The Jeff Kent Backlash
OK, let’s pop on our socials and see how people are responding to Jeff Kent falling off the Hall of Fame ballot after 10 years of not-so-near misses!
Hmm. “Greatest power-hitting second baseman ever” from my pal Jon Morosi. What else we got?
Wow, now he’s simply the greatest offensive second baseman of all time (or at least in the top three). OK.
Another “best offensive second baseman ever.” Cool.

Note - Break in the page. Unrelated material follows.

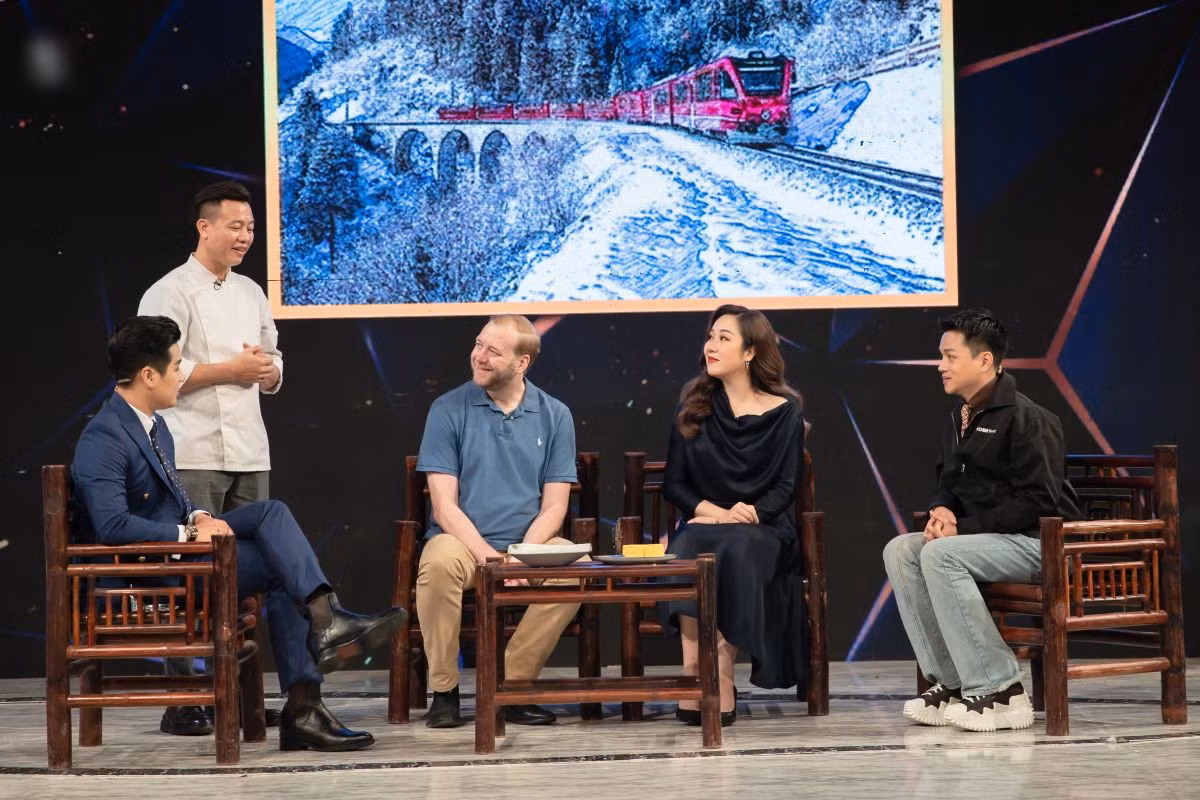 Cả hai có những màn tương tác cực thú vị với "đội bóng xoáy" của chương trình tung ra.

And we hear from Jeff Kent himself. Hall of Fame voting is “an embarrassment” after he doesn’t get in. Got it.
So, uh, where to begin?
Years ago, I wrote many, many, many — too many — articles about Jack Morris and the Hall of Fame. At the time, I couldn’t have fully articulated why his case obsessed me the way it did, but I think I understand now. What bothered me was NOT that a lot of people thought Morris was a Hall of Famer. He had a good case and is now happily in the Hall of Fame.
No, what bothered me was that I thought too many people were MISREPRESENTING his case. They kept talking about how he won the most games in the 1980s and how he pitched to the score and how he was the one guy you would want pitching in a big game and so on, and all of that had the powerful aroma of BS. Morris STILL has the highest ERA of any pitcher in the Hall of Fame, and he didn’t exactly pitch in a high-scoring era.
I just thought: If you believe Jack Morris belongs in the Hall of Fame, just say that he was an extraordinarily durable pitcher (the guy never missed a start), and he was the No,. 1 starter on several championship teams, and he pitched one of the greatest World Series games ever. I mean that’s a pretty good case and it has the added benefit of being true.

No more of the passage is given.